Resource: Ten Conference Call Etiquette Tips for better CCB/GTT meetings

Ten Conference Call Etiquette Tips for better CCB/GTT meetings

Have you ever been on a conference call where people become a distraction by forgetting to put their phone on mute, or have sidebar conversations with others not on the call? We all know a few etiquette rules for at the dinner table, but what about etiquette protocol for conference calls?

Here are some easy guidelines to follow when attending a CCB/GTT Program conference call:

  1. Keep track of conference call dates/times. Make sure you know when your conference call is, and be sure to keep the conference call number and pin handy so you are not scrambling to find it at the last minute. Call in to the conference line a couple minutes early and enjoy chatting with others who arrive before the meeting starts.
  2. To know what is happening at GTT and the CCB Open Chat conference calls, register your email address by activating the Follow Link near the bottom of the page on the Blog at GTTProgram.Blog.
  3. Mute your phone when you are not speaking. To help avoid distracting sounds, conversations, or noises that are not applicable to the conference call, the mute button can be your friend. Muting your phone will help you avoid embarrassing sighs, munching noises from eating your lunch, or other background noise. CCB/GTT Zoom conference calls will mostly function with all participants muted, and those who want to comment or ask questions will be encouraged to use the Raised Hand feature.  Meeting facilitators will keep an eye on the list of Raised Hands and will invite participants to engage in the order the hands were raised.
  4. The Zoom Conference system allows you to include your name in the Participants Panel. If you use a telephone to dial into a CCB/GTT meeting, ask the Host to add your name so others can identify who’s on the call.  Ask a CCB/GTT staff member or volunteer to assist if you don’t know how to ensure your name is included.  As Zoom Bombers often don’t include a name in the Participants List we may remove you from a call if unnamed in such instances.
  5. State your name and where you’re from before speaking. Since the conference call attendees are not all in the same room, it is important for others on the line to know who is speaking so that they can better understand the context of your comments.
  6. Be prepared to discuss the topic at hand.

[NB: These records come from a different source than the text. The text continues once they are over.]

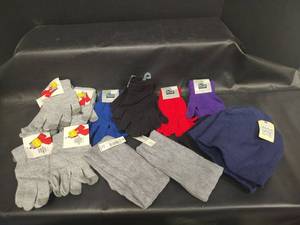 lot 260 image: Winter Knit Gloves, Fleece Bands and Beanie Hat Set. One Size Fits All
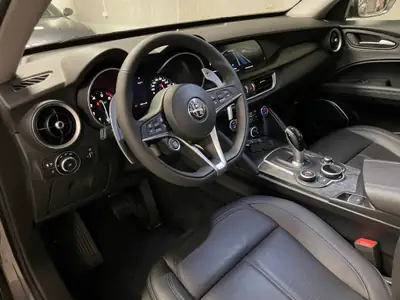 Alfa Romeo Stelvio 2.0 TI Q4 — SUV dynamique 4x4 automatique, 122'000 km — Miniatura 7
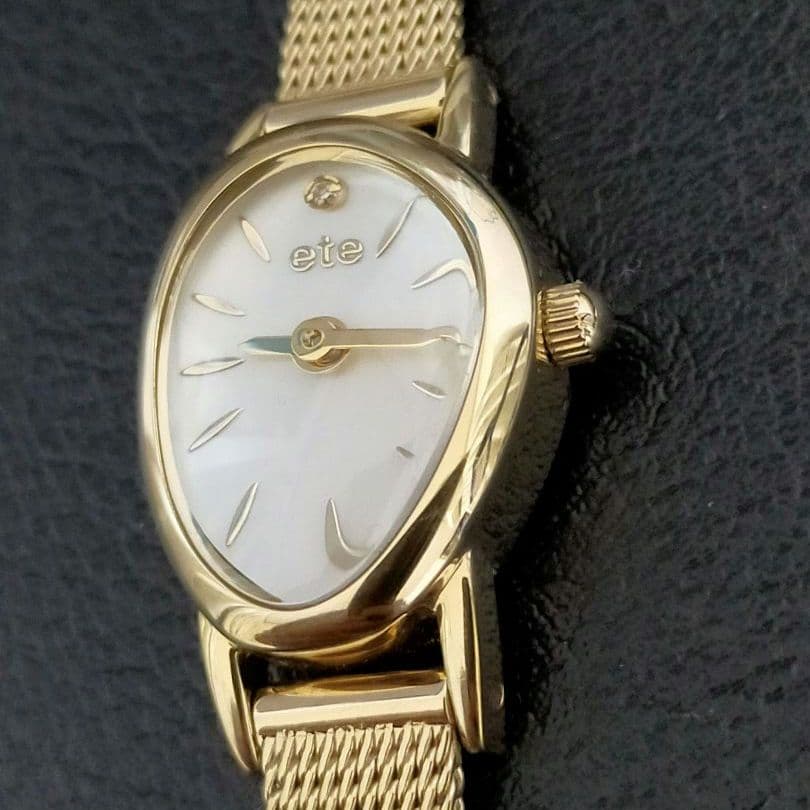 人気　ete ダイヤモンド レディース　 腕時計　美品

Like with all meetings, you should do a little prep work or jot down topics or questions that you would like to bring up on the conference call.
  7. Keep background noise to a minimum. When you take your phone off mute to speak or to get ready to chime in, make sure that you are not distracting the other callers. This noise may be generated from standing outside in the wind, typing on your computer, kids running around, pets barking, side conversations with people in your vicinity just to name a few. It is best to find a quiet location for the conference call.
  8. Maintain a good telephone or Wi-Fi reception. A bad connection often causes static or dropped calls making your input to the conference call hard to understand, in which case you may have to call back into the meeting.
  9. Many CCB/GTT meetings will have an agenda and it will usually be provided before the conference call. Be sure to attend even if it isn’t a topic you need to learn about, as you might be able to assist others in their learning, and bring questions for the Q and A section of the meeting as there is usually time left for general discussion even when there is a topic on the agenda.
  10. CCB/GTT meetings will always have a defined facilitator and technical host. The facilitator will guide the conversation, introduce any presenters, make sure everyone sticks to the agenda and pays attention to time, the host will look after muting and unmuting the call, renaming participants in the Participants List, lowering hands and recording calls that lend themselves to being recorded.


3 thoughts on “Resource: Ten Conference Call Etiquette Tips for better CCB/GTT meetings

  1. Albert,

    Thanks for this.

    Except for the times when I cannot mute myself, and this has happened a couple of times, I think I do pretty well with this type of thing. In fact, I almost always mute myself unless I have something to say.

    Anyway, I am happy you sent this out!


    Dictated on to my SMART PHONE. Please ignore any typos.